I went to America … and read twelve books of the Amelia Peabody series by Elizabeth Peters (as you do). I wrote down several amusing quotations. (I would be sitting in a chair and giggling. Yes, people noticed. No, I didn’t mind. My humour was tickled, you see, and when my humour is tickled nothing short of a giggle or a smile will do to indulge it,)
Ordinarily I would agree with your premise, Peabody – that there cannot be many individuals in Egypt who yearn to make off with Ramses – but I have learned to my sorrow, we seem to attract criminals as a dog attracts fleas. I should feel hurt if we had fewer than five or six murderers after us.
– Lion in the Valley
Abdullah clapped his hand to his brow. “Not a dead man, sitt. Not another dead man … ” A flicker of reviving hope returned to his stricken brow. “Is it a mummy you mean, sitt? An old man?”
– Lion in the Valley
… and the same commentator remarked, “It is the Sitt Hakim. No doubt she will cut off the man’s arm,” to which his companion replied eagerly, “Lean back so that I can see better”
– also Lion in the Valley.
“Well, of course,” Emerson said virtuously. “That is my method. Tact, subtle persuasion.”

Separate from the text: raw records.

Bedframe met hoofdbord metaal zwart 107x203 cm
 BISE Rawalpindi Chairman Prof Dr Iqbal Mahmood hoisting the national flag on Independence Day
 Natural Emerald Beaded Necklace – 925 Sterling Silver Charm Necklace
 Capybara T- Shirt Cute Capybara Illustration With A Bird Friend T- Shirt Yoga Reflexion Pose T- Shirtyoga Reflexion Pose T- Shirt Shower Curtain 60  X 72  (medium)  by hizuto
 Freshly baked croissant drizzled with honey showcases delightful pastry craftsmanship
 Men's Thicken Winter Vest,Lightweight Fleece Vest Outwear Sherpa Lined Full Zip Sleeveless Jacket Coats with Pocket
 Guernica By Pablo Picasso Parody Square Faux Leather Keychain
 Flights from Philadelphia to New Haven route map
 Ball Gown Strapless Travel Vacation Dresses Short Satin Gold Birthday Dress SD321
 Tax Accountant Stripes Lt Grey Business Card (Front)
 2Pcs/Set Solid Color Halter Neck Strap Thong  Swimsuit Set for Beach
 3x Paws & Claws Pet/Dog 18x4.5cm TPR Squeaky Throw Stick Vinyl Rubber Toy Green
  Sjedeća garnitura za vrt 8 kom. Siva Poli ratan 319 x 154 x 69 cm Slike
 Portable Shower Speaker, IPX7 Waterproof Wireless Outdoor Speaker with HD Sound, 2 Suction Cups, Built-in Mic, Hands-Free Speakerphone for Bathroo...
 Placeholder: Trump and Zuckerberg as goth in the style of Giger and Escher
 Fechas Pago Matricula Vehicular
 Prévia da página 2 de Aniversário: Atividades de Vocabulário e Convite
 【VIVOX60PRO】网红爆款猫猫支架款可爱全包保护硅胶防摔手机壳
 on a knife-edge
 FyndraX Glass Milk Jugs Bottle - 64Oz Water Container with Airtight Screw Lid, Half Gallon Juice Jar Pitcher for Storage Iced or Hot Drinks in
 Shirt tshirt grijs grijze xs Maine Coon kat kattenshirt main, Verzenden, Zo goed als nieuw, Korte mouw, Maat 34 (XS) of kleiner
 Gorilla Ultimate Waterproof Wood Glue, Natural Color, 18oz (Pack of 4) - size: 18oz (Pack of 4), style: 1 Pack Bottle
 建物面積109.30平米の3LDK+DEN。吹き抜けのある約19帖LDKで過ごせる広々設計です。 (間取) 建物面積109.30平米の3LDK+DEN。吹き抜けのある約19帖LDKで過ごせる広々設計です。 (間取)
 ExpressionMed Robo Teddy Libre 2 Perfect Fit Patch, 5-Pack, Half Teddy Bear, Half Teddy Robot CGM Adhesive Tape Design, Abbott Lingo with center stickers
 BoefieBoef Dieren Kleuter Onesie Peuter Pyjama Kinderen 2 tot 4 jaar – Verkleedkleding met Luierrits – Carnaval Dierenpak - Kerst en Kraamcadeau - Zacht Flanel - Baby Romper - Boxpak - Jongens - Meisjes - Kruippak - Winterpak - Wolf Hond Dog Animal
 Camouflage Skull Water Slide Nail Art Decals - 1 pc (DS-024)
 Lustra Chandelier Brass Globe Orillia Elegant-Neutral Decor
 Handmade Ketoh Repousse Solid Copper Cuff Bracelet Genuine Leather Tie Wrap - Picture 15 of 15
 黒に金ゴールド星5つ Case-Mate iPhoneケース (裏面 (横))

“Such as calling Mr Budge a rascal and threatening to knock him flat?”
– Hippopotamus Pool
If all else fails, we will simply have to drug our attendants, overpower the guards, raise the oppressed peasants to arms and take over the government
– The Last Camel Died at Noon
I greatly enjoyed reading some of this series. If you are looking for a husband-and-wife archaeologist/mystery-solvin’ team that has plenty of wit and action and a fair dose of history (the author had a PhD in Egyptology after all) then check these books out. And you don’t even need to travel half-way across the world to read them. Like me. If you fancy reading the ebook version, the entire series is £0.77 per book on Amazon, so it isn’t dear at all.
Is there objectionable content? One of the things that marred my reading of the later books was the occasional use of Christ’s name as a swear word which for me, as a Christian, is blasphemous and jarring. But the character who uses it (to illustrate his new maturity? Adulthood? Je ne sais pas) … just, read one of the earlier books in the series, when he is just a wee laddie. Next to William Brown (of Just William fame), he is my new Favourite Fictional Child. The End.